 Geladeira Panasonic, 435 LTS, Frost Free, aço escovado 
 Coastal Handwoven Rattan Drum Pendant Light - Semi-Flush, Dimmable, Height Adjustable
* * *
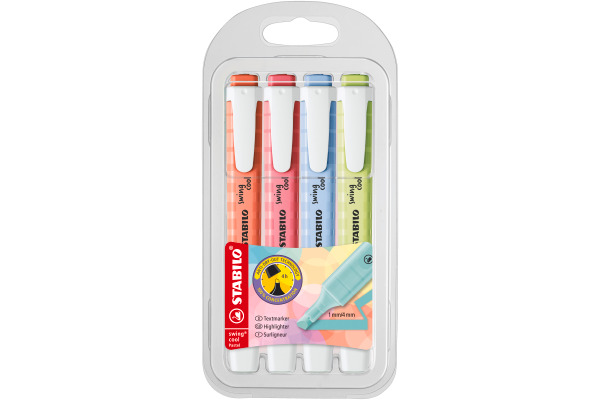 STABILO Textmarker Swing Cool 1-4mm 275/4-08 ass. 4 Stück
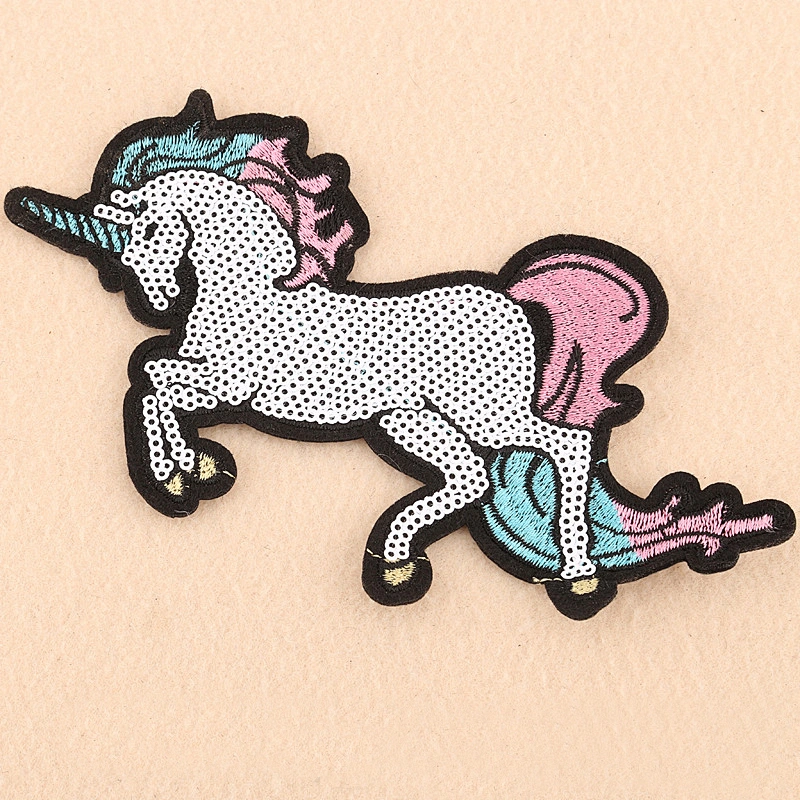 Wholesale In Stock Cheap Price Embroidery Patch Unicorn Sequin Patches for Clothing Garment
* * *
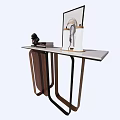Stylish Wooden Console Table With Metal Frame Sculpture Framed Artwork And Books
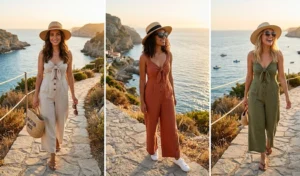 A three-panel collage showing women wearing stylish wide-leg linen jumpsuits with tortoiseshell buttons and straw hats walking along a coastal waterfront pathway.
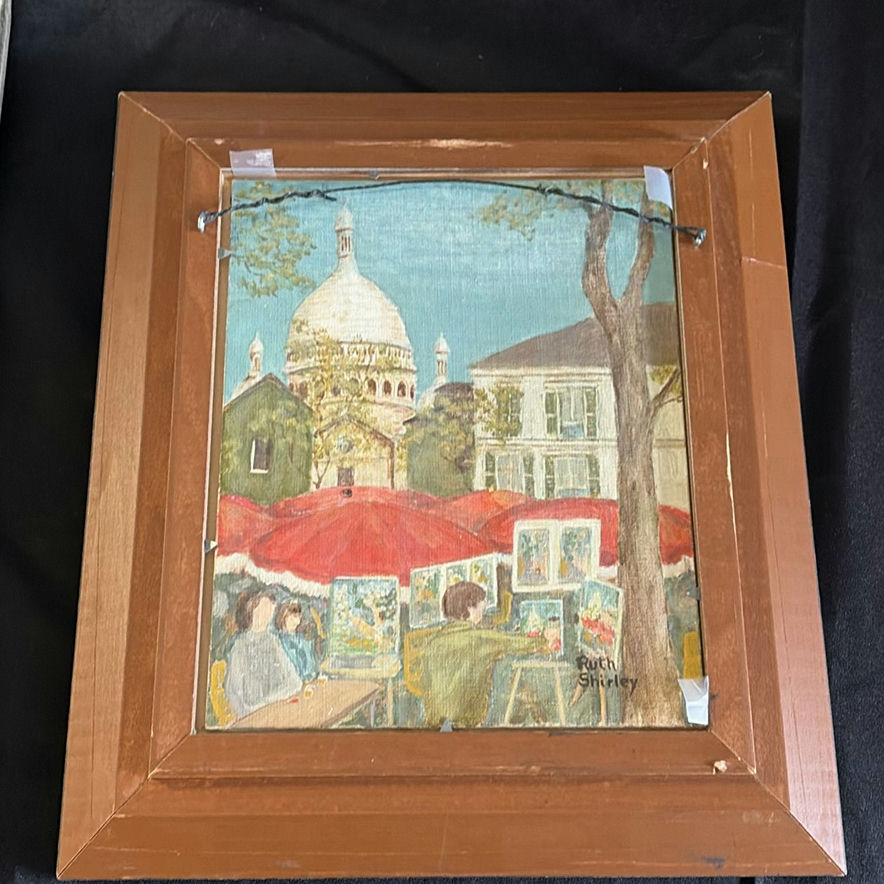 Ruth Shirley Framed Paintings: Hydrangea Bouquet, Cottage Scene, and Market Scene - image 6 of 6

> **TASK**:
Look back at the entries above. Retype the line with "Geladeira Panasonic, 435", the line with "Coastal Handwoven Rattan", and all lines in between.

> **REPLY**:
 Geladeira Panasonic, 435 LTS, Frost Free, aço escovado 
 Coastal Handwoven Rattan Drum Pendant Light - Semi-Flush, Dimmable, Height Adjustable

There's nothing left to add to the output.